As coisas que a vida tem!

Série de Textos: Ligações Mentais – Cap. 1

O meu caminho nunca foi certeiro, cheio de encruzilhadas, em todos os aspetos da minha vida. Este não foi excepção. Costumo dizer que a vida gosta de brincar comigo. Acredito que os nossos planos são traçados por nós, mas que antes sequer de saber mos que os vamos traçar já há um esboço traçado por alguém muito maior que eu, esse alguém escreve certo por linhas tortas, as minhas estão especialmente retorcidas.

Penso muito, pensarei demais? Questiono me o que raio foi isto, que entrou e saiu da minha vida, e eu nem tempo tive de perceber o que foi. Pergunto me porque. Não foi algo que eu tivesse tempo de planear, o esboço já estava feito e eu não planejei nada para aquele esboço. O timing não era o certo, pensei, anos depois ao tentar analisar algo que retirei da minha mente a fim de não passar por louca. Então veio a vida, tão natural como sempre, com o seu sentido de humor retorcido, voltou a colocar nos no mesmo lugar, na mesma hora, um em frente ao outro.
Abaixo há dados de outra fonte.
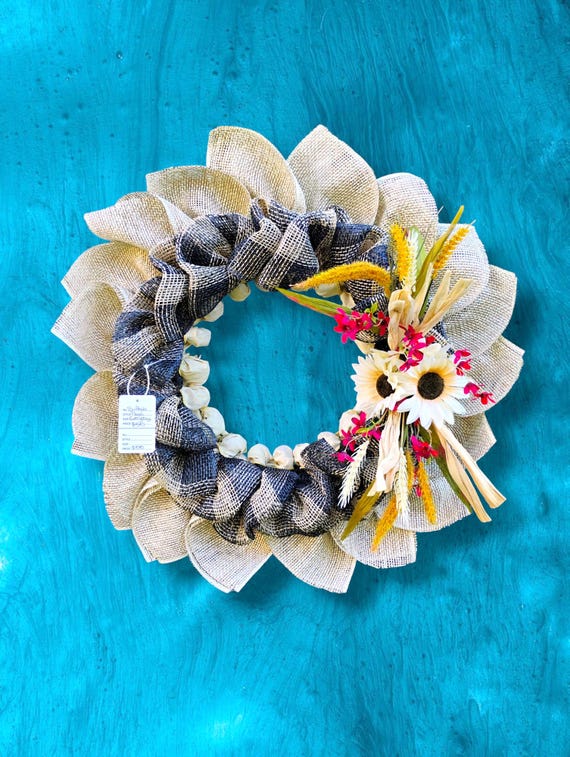 Rustic Sunflower Burlap Wreath Farmhouse Everyday Handmade Front Door Decor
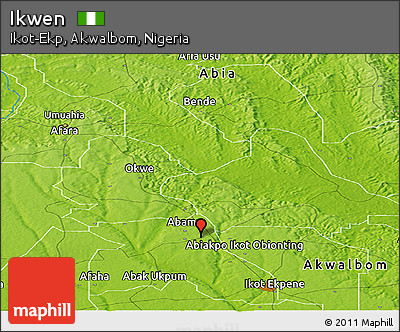 Physical Panoramic Map of Ikwen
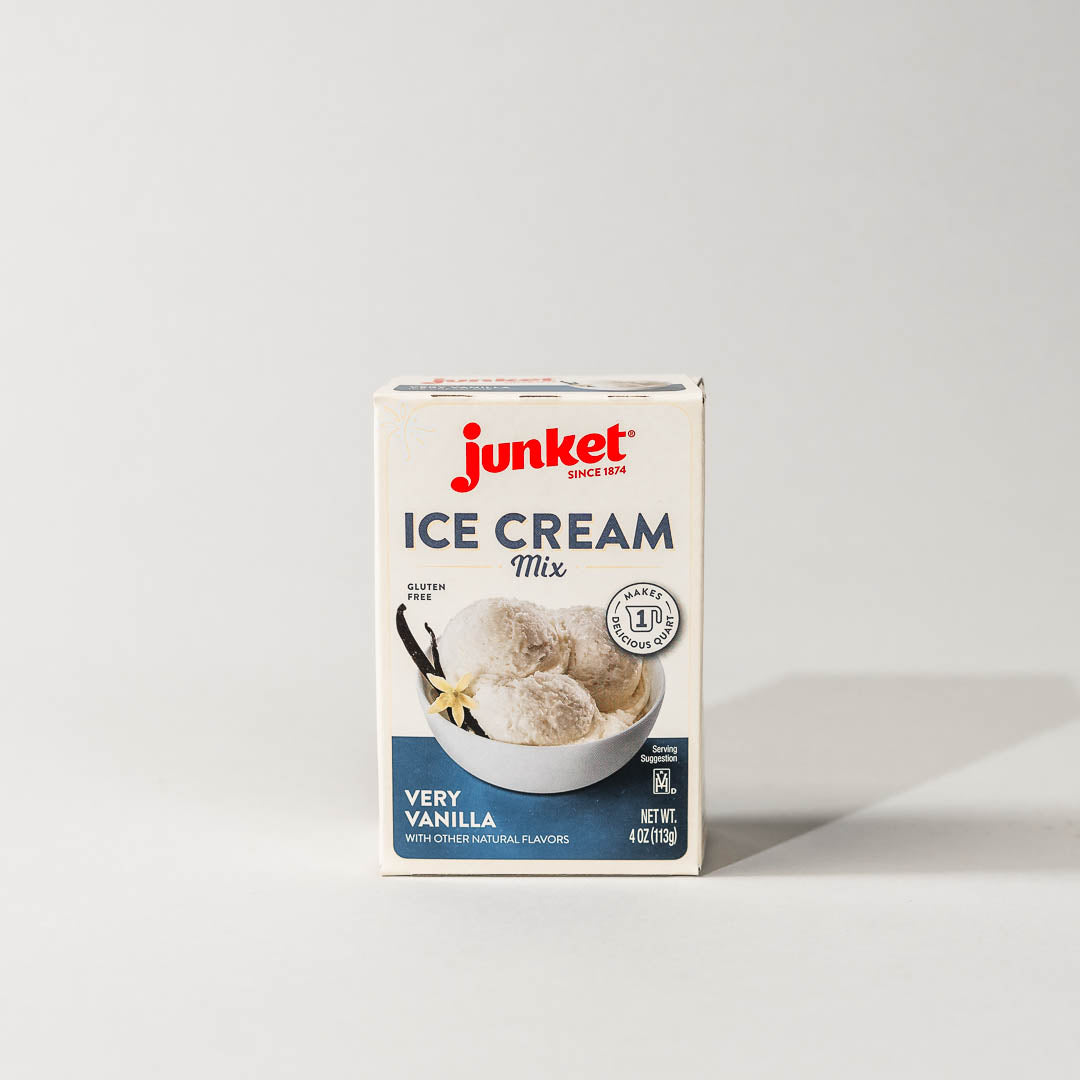 A box of Junket Very Vanilla Ice Cream Mix displayed against a neutral background.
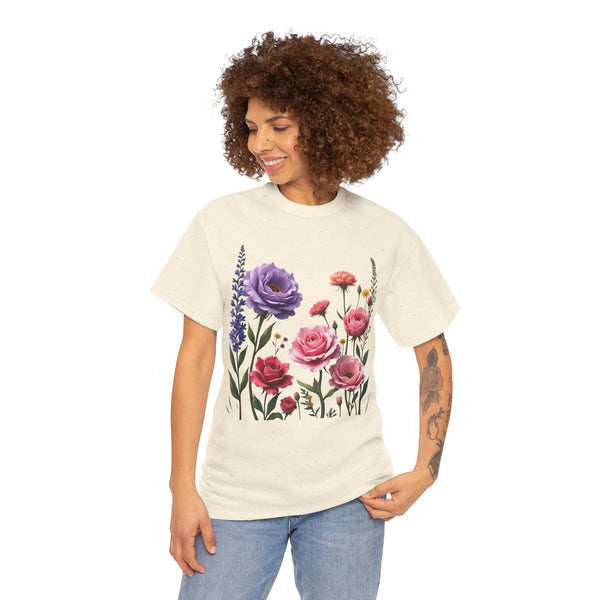Wildflowers and Pink/Violet Roses, Graphic T-Shirts for Women, Floral Shirt, Womens Short Sleeve, Ladies Graphic Tees #5100TTS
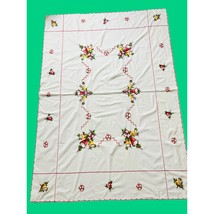 MCM Hand Embroidered Christmas Tablecloth Bells Holly Berry Design - £23.73 GBP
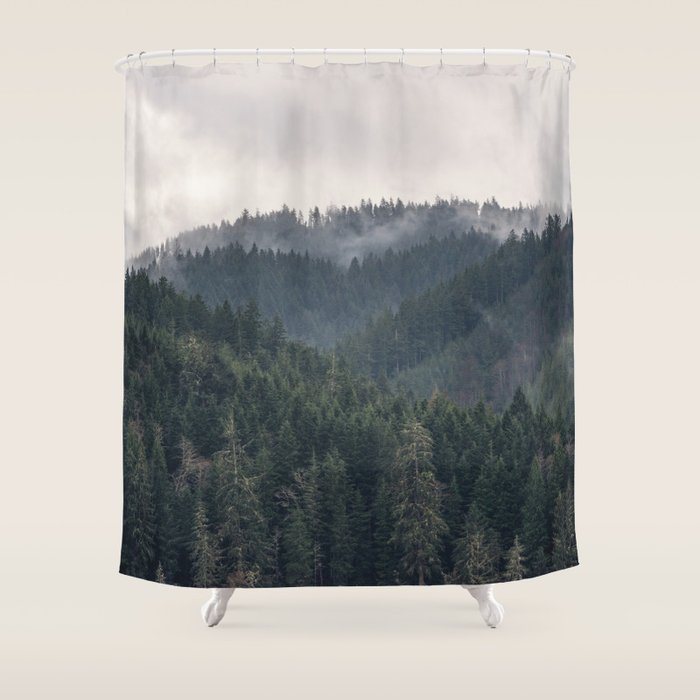 Pacific Northwest Forest - Nature Photography Shower Curtain Gallery Image 1
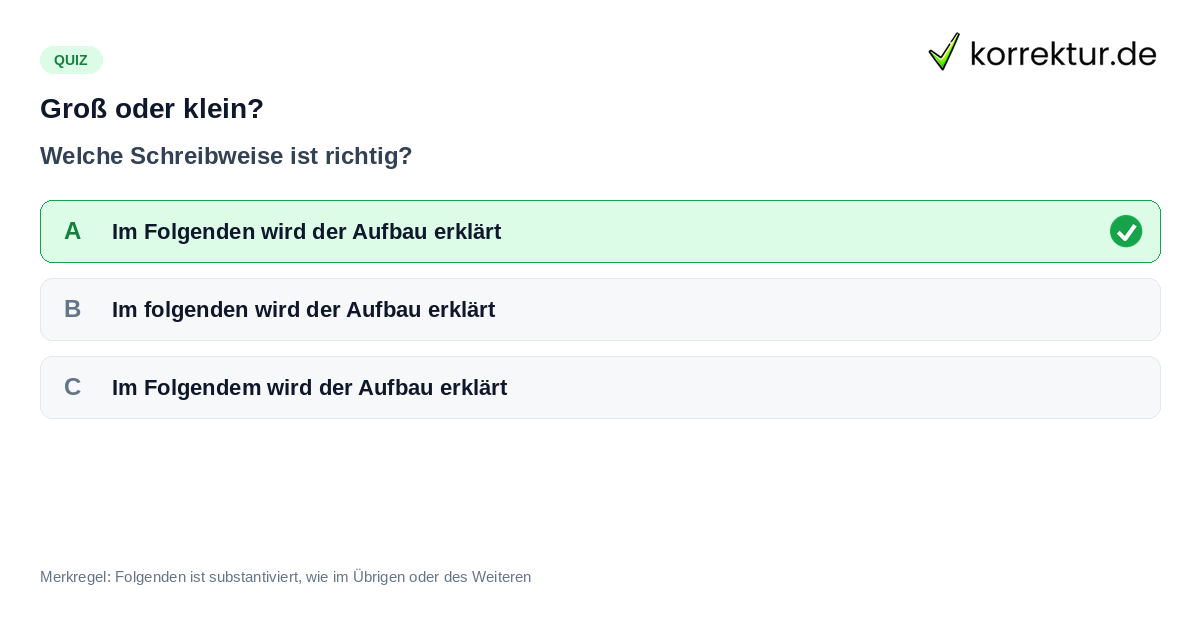 Quiz: Im Folgenden groß oder klein schreiben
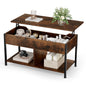 Lift Top Coffee Table with Hidden Storage Shelf for Living Room & Office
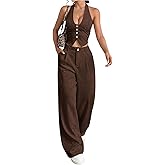 SweatyRocks Women's 2 Piece Outfits Button Front Tie Backless Crop Halter Top and Straight Leg Pants Set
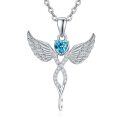 wholesale 925 Sterling Silver Blue Crystal Heart Angel Wings Pendant Necklace for Women-0-0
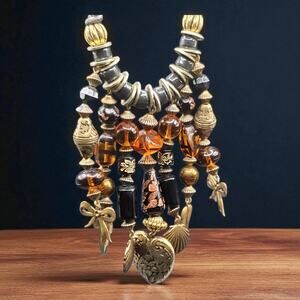 Boho Statement Necklace Amber Beads Gold Charms Coquette Bow Shell Heart Pendant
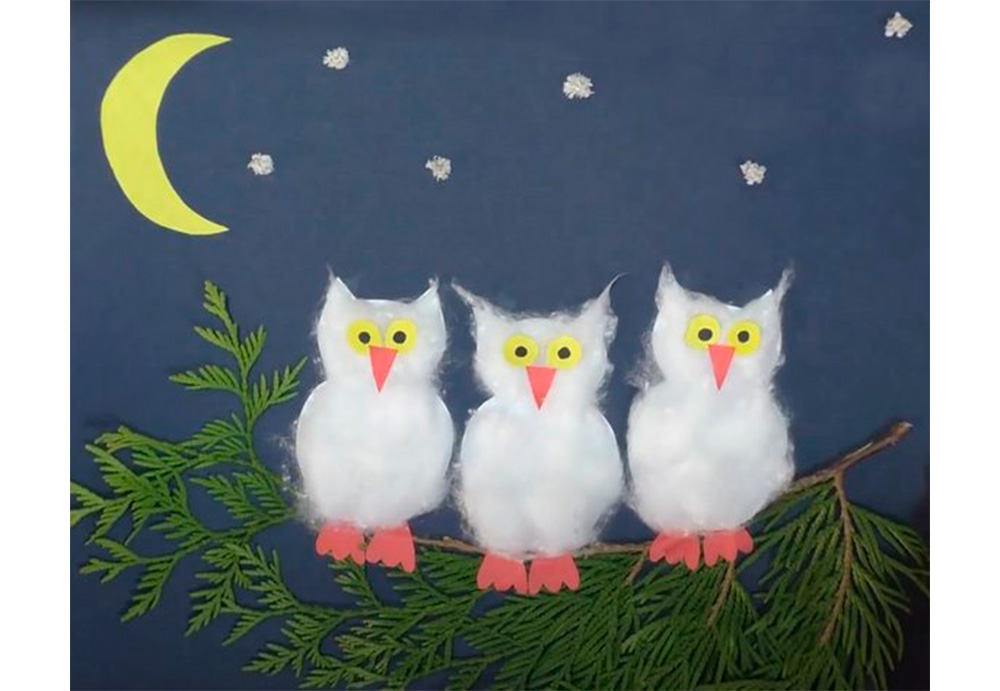 Зимние поделки: совята из ваты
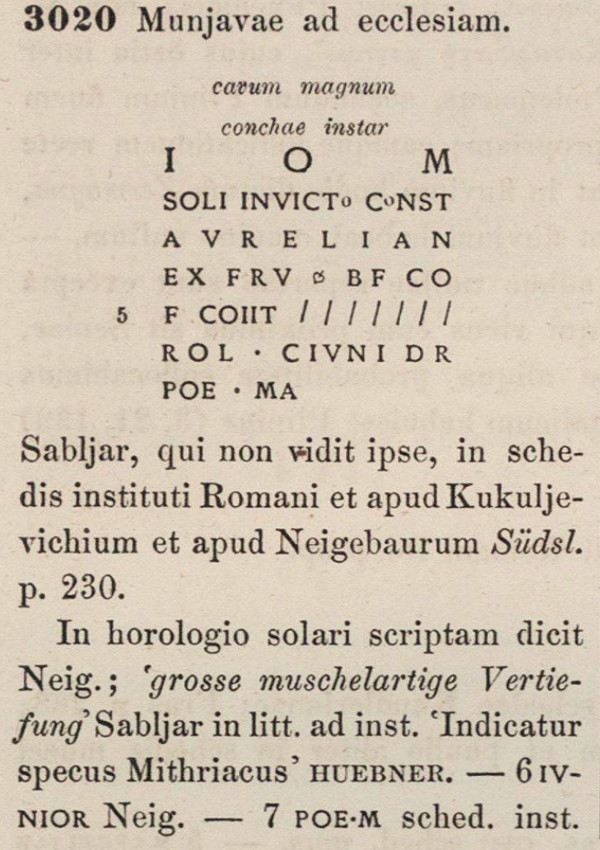 Podaci koje je o sunčanoj uri iz Josipdola prikupio Theodor Mommsen, koji ih je objavio 1873. godine u 3. svesku izdanja ”Corpvs inscriptionvm Latinarvm” (Izvor: iDAI.objects Arachne (arachne.uni-koeln.de))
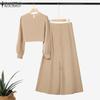 ZANZEA Women Long Sleeve Cropped Tops and Wide Leg Pants Casual Two Piece Suit Set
E eu fui invadida novamente com aquela irritação premente que afeta todas as células do meu ser. Tenho uma natureza calma, mas tu, desde o primeiro momento, és dotado de uma capacidade que ninguém tem. Irritas me desde o mais profundo do meu ser. Tenho vontade de fazer de ti picadinho só de olhar, a tua simples presença irrita me. O pior é que tu sempre achas te uma graça imensa em irritar me. Desde que descobriste que essa era a única reação que provocavas em mim que decidis te tirar o máximo partido dela. Com esse teu orgulho imenso essa tua presunção, vieste, chegaste, e tentaste abalar todos os meus alicerces.

O pior não foi irritares-me o pior foi quando percebes-te que afinal podias fazer mais do que irritar-me. O pior foi quando anos volvidos as nossas mentes de alguma forma louca e inexplicável se comunicaram. O pior foi a porta que se abriu e está até hoje escancarada, o pior foi levantar a bandeira branca entre nós, e se eu soubesse quem abriu essa porta e nos colocou na mesma estação sintonizados na mente um do outro, eu iria ao fim do mundo lutaria contra mil dragões mas fechava a porta de vez.

A vida teceu e eu dei graças aos céus quando sumi e te dei um sumiço. Mal eu sabia que a vida tinha outros planos e que esta tortura estava apenas a começar.